Wenn es Thomas Müller gut geht, dann geht es auch dem FC Bayern gut. Diese Regel hat weiterhin Bestand, auch wenn eine andere längst außer Kraft gesetzt worden ist. Nämlich die, dass Müller immer spielt. Formuliert worden war sie einst von Louis van Gaal, dem niederländischen Feierbiest. Van Gaal ist längst Geschichte in München, Müller weiterhin die Gegenwart. Und ein bisschen noch die Zukunft. Bis 2025 wurde sein Vertrag kurz vor Weihnachten verlängert. Und das, obwohl der Müllerthomas nicht mehr erste Wahl ist, aber eben wie "die Frauenkirche zu München gehört", wie der beseelte Klubboss Herbert Hainer wissen ließ.

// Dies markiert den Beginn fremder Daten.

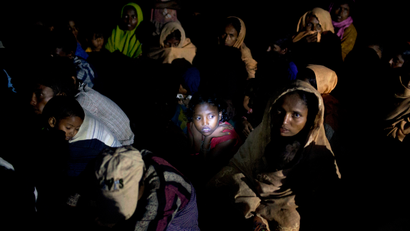 Light from a torch falls on the face of a Rohingya Muslim girl sitting with a group on a raft made with plastic containers on which they crossed over from Myanmar into Bangladesh, as they wait for the permission to proceed forward, near Shah Porir Dwip, Bangladesh, Friday, Nov. 10, 2017. U.N. Secretary-General Antonio Guterres said Friday it is "an absolutely essential priority" to stop all violence against Myanmar's Rohingya Muslims, allow them to return to their homes, and grant them legal status.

Dass der FC Bayern in ein ruhiges Weihnachtsfest eingetrudelt ist, mit souveränen Siegen gegen Manchester United, dem Bundesliga-Überraschungsteam VfB Stuttgart und beim VfL Wolfsburg, lässt sich an kaum einem Spieler besser erzählen, als an dem 34-Jährigen, der so gerne mehr spielen würde, seine Rolle aber ohne öffentliches Klagen akzeptiert. Nur vereinzelt lässt er mal anklingen, dass er seinen Trainer gerne häufiger überzeugt hätte, ihn von Beginn an spielen zu lassen. Dieser Trainer heißt Thomas Tuchel und der ist einer, der sich von öffentlichen Debatten so gar nicht treiben lässt. Sein Weg ist sein Weg, empfohlene Abbiegungen ignoriert er. Wenn er den gewählten Pfad verlässt, dann aus nur innerer Überzeugung. Dass er dabei immer wieder kleine Feuer legt, das interessiert ihn nur dann, wenn die ganz großen Löschzüge anrücken.

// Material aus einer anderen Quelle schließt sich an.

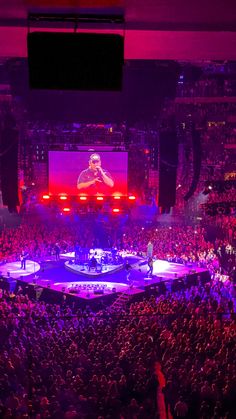 an auditorium full of people watching a concert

Im Spätsommer war es so weit, die Bosse hatten genug. Sie pfiffen Tuchel zurück, sie hatten genug von dem ständigen Klagen über den zu dünnen Kader. Selbst der wieder mächtige Patron Uli Hoeneß hatte sich vom Tegernsee gemeldet und gefunkt, dass das nicht sonderlich clever gewesen sei. Sonst aber ließen sie Tuchel machen. Und sangen ihm bei der jeder Gelegenheit eine Hymne. Der kämpfte in ganz kleinen Schritten darum, die Mannschaft widerstandsfähiger zu machen, sie besser auszubalancieren. Und er tat das zumeist ohne den mächtigen Müller.